A medical induction of labour can be described in 3 steps – ripening the cervix, breaking of the amniotic sac and creating contractions. In chapter 5, we are informed about the options for ripening of the cervix as well as what the breaking of the amniotic sac involves. The amount of intervention required in an induction depends on a few factors, including how close the woman is to spontaneous labour. It’s noted that most women and in particular those having their first baby will go on from steps 1 and 2 to require a syntocinon drip to create labour contractions. We are told that the cervical ripeness is the first thing to be assessed which then will then determine whether an intervention aimed at ripening the cervix will be required or not. Prostaglandins are described as the star hormone of focus when looking at induction of labour. “All of the interventions aimed at ripening the cervix attempt to either release the body’s own prostaglandins or introduce synthetic prostaglandins.” The methods used to ripen the cervix all have their risks and benefits and the methods discussed in this chapter are membrane sweeping, pharmaceutical prostaglandins and mechanical devices. The breaking of the amniotic sac (ARM) in an induced labour is contrasted against the breaking of the amniotic sac in a spontaneous labour. In an induced labour, the fluid around the baby can prevent induced contractions from getting into an effective pattern as well as reducing the risk of an amniotic fluid embolism. Therefore, this makes an ARM favourable in an induced labour. Whereas in a spontaneous labour it does not speed up labour and can result in unfavourable interventions.

 

Once the cervix has ripened and the amniotic fluid has been released, the next step in an induction is to create labour contractions. In chapter 6, Rachel covers the use of synthetic oxytocin (Syntocinon) to induce labour contractions. She notes early on in this chapter that an induced labour is generally shorter than a spontaneous labour as the processes of early labour are bypassed. The star of the medical induction show, Syntocinon (Pitocin in the US) is described at length in this chapter. We learn that although it’s chemical make-up is exactly the same as oxytocin and that it acts on oxytocin receptors in the uterine muscle in the same way, there are some big differences in the way that Syntocinon functions in the body. These major differences are listed as; Syntocinon being released into the bloodstream via a drip and the rate remaining unaffected by other factors, that it is unable to cross the mothers blood-brain barrier and acts only on the uterus and it can cross the blood-brain barrier of the baby in very high volumes. All of these important differences have certain consequences.

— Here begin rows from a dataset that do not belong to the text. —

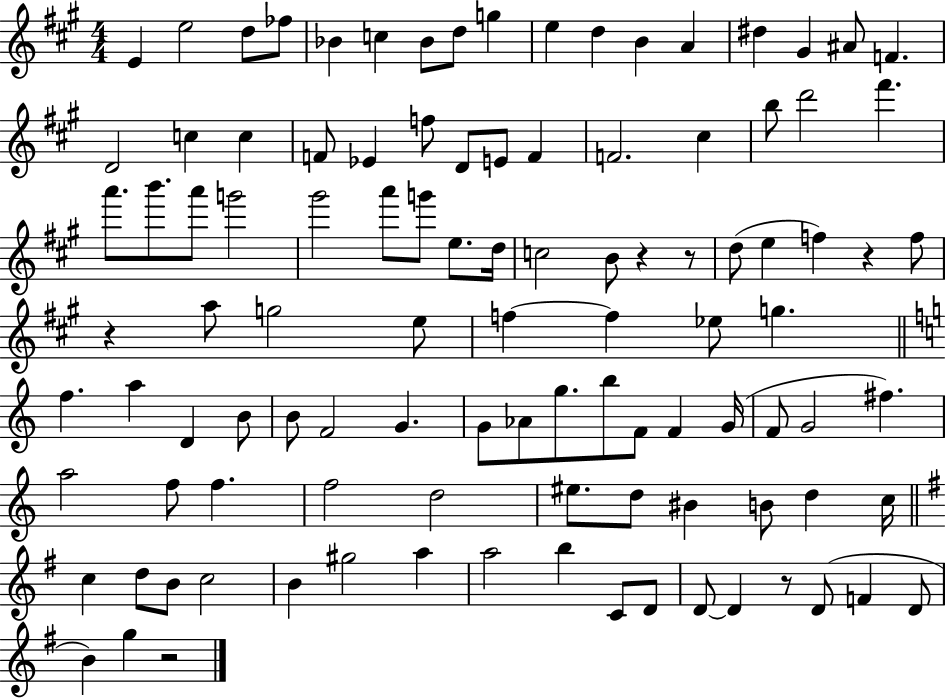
E4/q E5/h D5/e FES5/e Bb4/q C5/q Bb4/e D5/e G5/q E5/q D5/q B4/q A4/q D#5/q G#4/q A#4/e F4/q. D4/h C5/q C5/q F4/e Eb4/q F5/e D4/e E4/e F4/q F4/h. C#5/q B5/e D6/h F#6/q. A6/e. B6/e. A6/e G6/h G#6/h A6/e G6/e E5/e. D5/s C5/h B4/e R/q R/e D5/e E5/q F5/q R/q F5/e R/q A5/e G5/h E5/e F5/q F5/q Eb5/e G5/q. F5/q. A5/q D4/q B4/e B4/e F4/h G4/q. G4/e Ab4/e G5/e. B5/e F4/e F4/q G4/s F4/e G4/h F#5/q. A5/h F5/e F5/q. F5/h D5/h EIS5/e. D5/e BIS4/q B4/e D5/q C5/s C5/q D5/e B4/e C5/h B4/q G#5/h A5/q A5/h B5/q C4/e D4/e D4/e D4/q R/e D4/e F4/q D4/e B4/q G5/q R/h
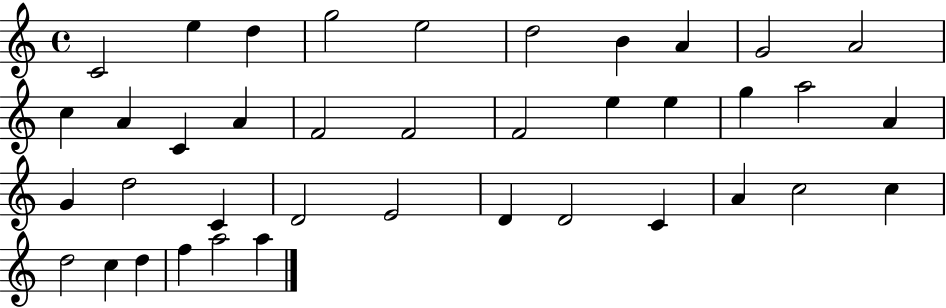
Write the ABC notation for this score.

X:1
T:Untitled
M:4/4
L:1/4
K:C
C2 e d g2 e2 d2 B A G2 A2 c A C A F2 F2 F2 e e g a2 A G d2 C D2 E2 D D2 C A c2 c d2 c d f a2 a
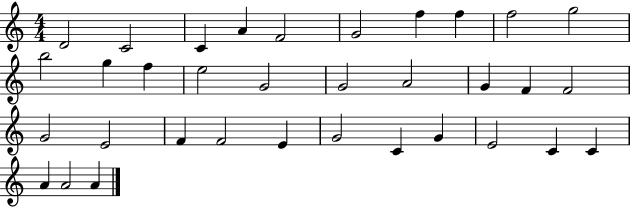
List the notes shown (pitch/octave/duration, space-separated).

D4/h C4/h C4/q A4/q F4/h G4/h F5/q F5/q F5/h G5/h B5/h G5/q F5/q E5/h G4/h G4/h A4/h G4/q F4/q F4/h G4/h E4/h F4/q F4/h E4/q G4/h C4/q G4/q E4/h C4/q C4/q A4/q A4/h A4/q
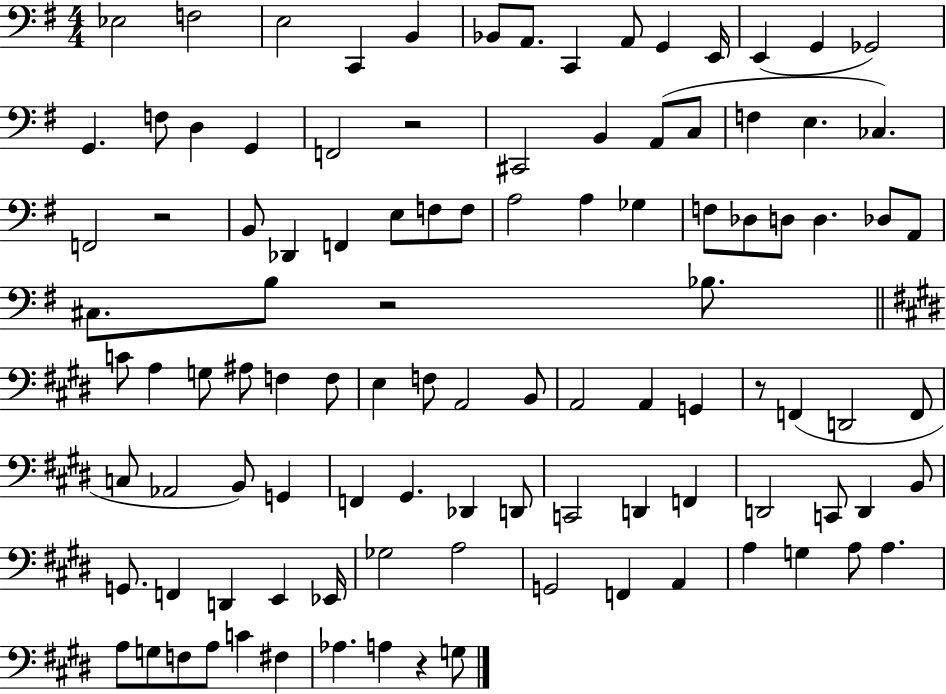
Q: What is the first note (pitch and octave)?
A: Eb3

For example, the Syntocinon being administered at a constant rate directly into the bloodstream means that the rate is not naturally altered by feedback mechanisms via information from the uterus, the baby, the mothers emotions and the environment, as is the case in spontaneously occurring labour. The use of Syntocinon in the bloodstream, reduces the release of oxytocin in the brain – therefore affecting the mothers bonding behaviours. The baby’s own oxytocin system and bonding behaviours will also be affected by the large quantities of Syntocinon that cross it’s thin blood-brain barrier. The process of the Syntocinon administration is explained and it was awesome to read that for 50% of induced mothers who chose to have Syntocinon stopped (yes, you have a choice!) once they were in established labour, their own hormones managed to take over and progress onto the 2nd and 3rd stages of labour.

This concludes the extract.